Plus de 25 pays de par le monde, sur au moins trois continents, ont atteint le « seuil » nucléaire,, ce qui leur permettrait de détruire totalement un adversaire et sa population, dès une première frappe unique, en misant sur l’effet de surprise. Quant au nombre de pays dotés d’un arsenal chimico-biologique – les « armes nucléaires du pauvre », strictement prohibées par les Traités – il est certainement bien plus élevé. Pour tout aggraver, en matière d’ADM, les pays et les groupes armés vont généralement par binômes, déchirés par des haines séculaires.
– A Khan Cheikhoun, Bachar al Assad vient encore de gazer un village de sa propre population : quelques combattants, beaucoup de civils dont des femmes, des vieux et des enfants. Certains observateurs – très naïfs ou mal informés – clament « en quoi ces morts du fait d’armes chimiques devraient nous émouvoir plus que ceux, plus nombreux, victimes de balles, de couteaux, de bombes ou de la torture ? ». Et les mêmes de ruminer : « que fait donc la communauté internationale !? ». RIP.

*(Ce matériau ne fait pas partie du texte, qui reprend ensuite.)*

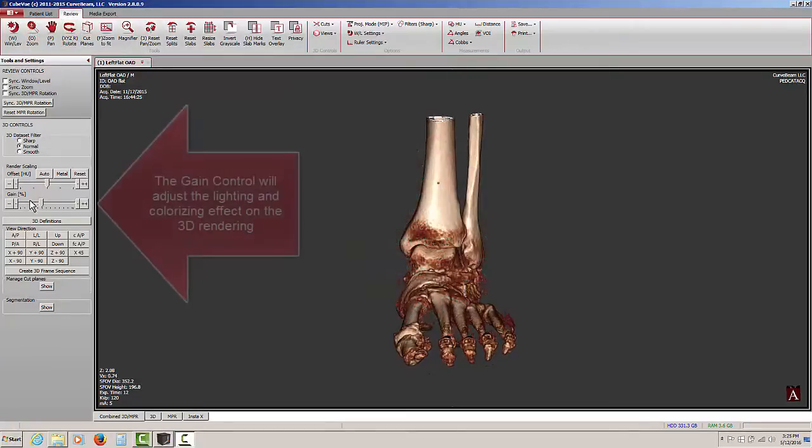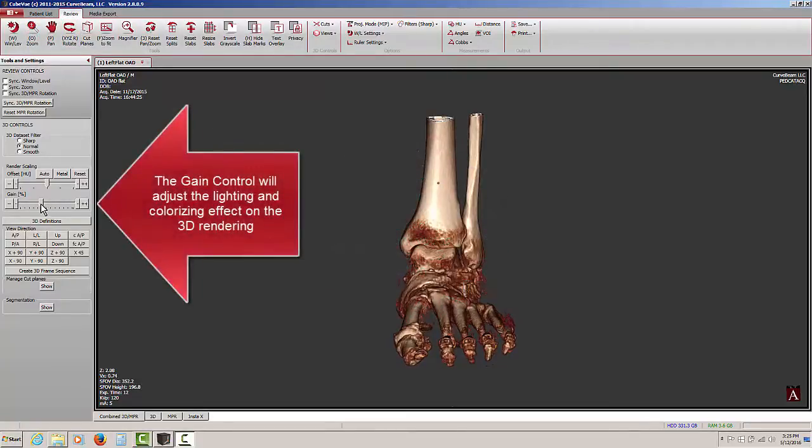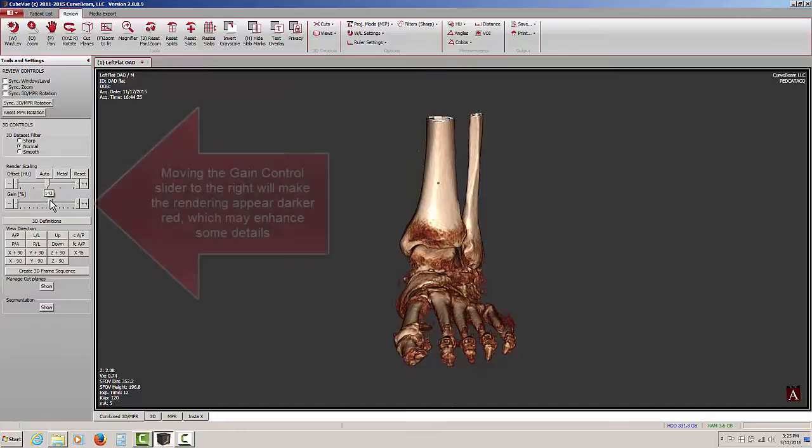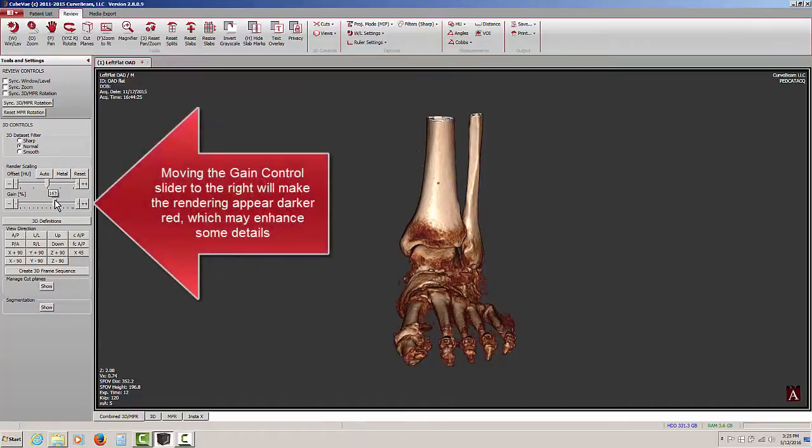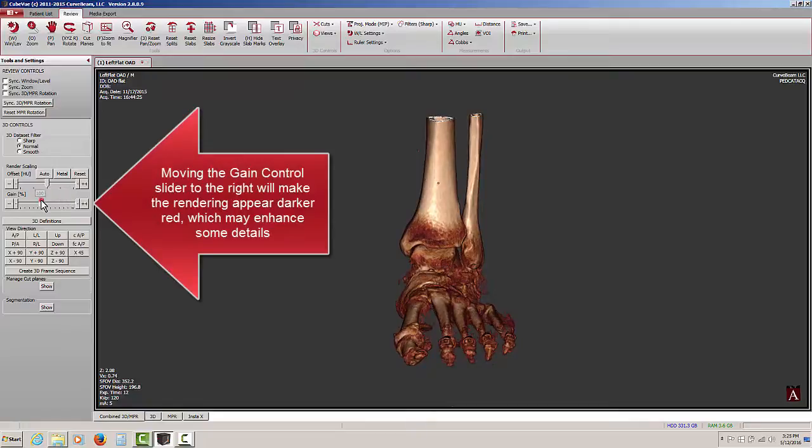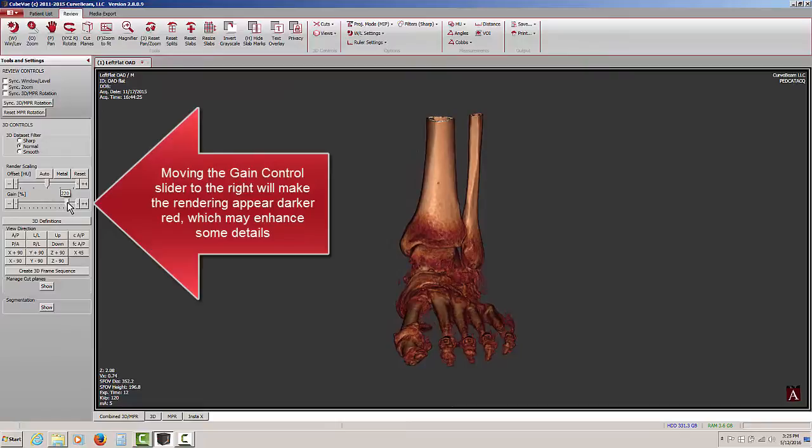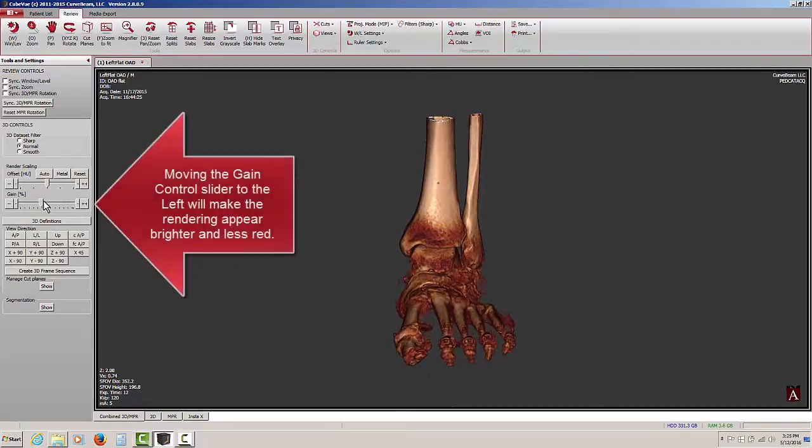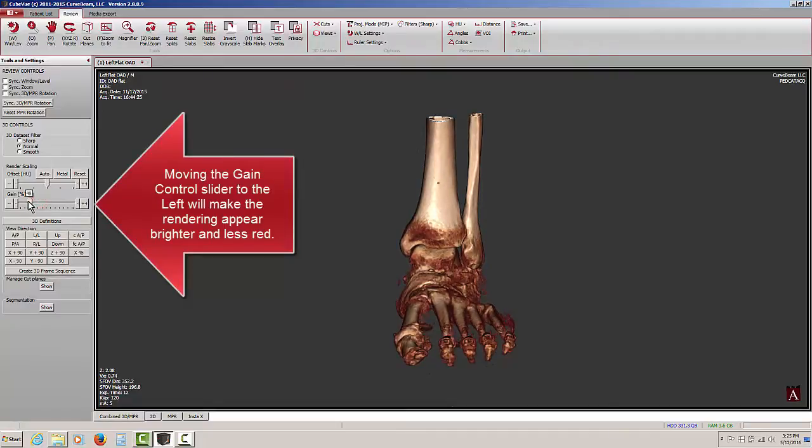Let's take a look at the gain control now. The primary purpose of the gain control, whether using the slider or the buttons, is to adjust the lighting effect and the colorizing effect. As I slowly bring the slider to the right, notice that the bones in the 3D rendering appear to be developing a darker red color, and the lighting effect is also slightly different. I can go in the opposite direction and make the bones appear whiter.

La réponse se trouve dans les précédents paragraphes (relecture possible, si vous vous étiez assoupi). La morale comme la voix de notre conscience dénoncent ces morts atroces comme pareillement insupportables. Mais, en outre, se joue la question de la survie de l’humanité. Celle-ci nous impose de ne pas nous aventurer, même « innocemment », dans la spirale incontrôlable des armes de destruction massive. Ce serait un cercle vicieux sans fin, jusqu’à l’extinction d’Homo sapiens de la surface du Globe.
Sous nos yeux : les Syriens. Par-delà : la population terrienne dans son ensemble, exposée à l’enchaînement des déflagrations en une immense conflagration. En termes seulement quantitatifs, un tel emballement évoque une vertigineuse montée des destructions, un génocide à acteurs multiples ! Ceci justifie amplement que soit tracée, dans l’ordre universel, une ligne rouge et surtout pour qu’on s’y tienne. On attend des citoyens conscients d’un tel enjeu une forte détermination à réagir, en exigeant fermement que le droit prévale et par la force bien ajustée, si nécessaire. Pour s’y préparer, chacun devrait s’endurcir mentalement, comme on le fait déjà par rapport au risque terroriste « classique ». Entrevoir l’impensable et le décortiquer contribue à le prévenir et à l’éviter, sans se laisser intoxiquer par les partis-pris du moment et par les justifications partisanes. La vigilance mise au service du droit pour la survie des humains commence par un œil exigeant, braqué sur la complexité du monde, averti et qui cherche à voir loin.
Y a-t-il une « collusion des puissants » pour nous cacher que l’arme nucléaire reste une sacrée menace ? Je crois qu’on s’est fait bien piéger, non pas par cynisme mais par manque de réflexion prospective et de perspicacité.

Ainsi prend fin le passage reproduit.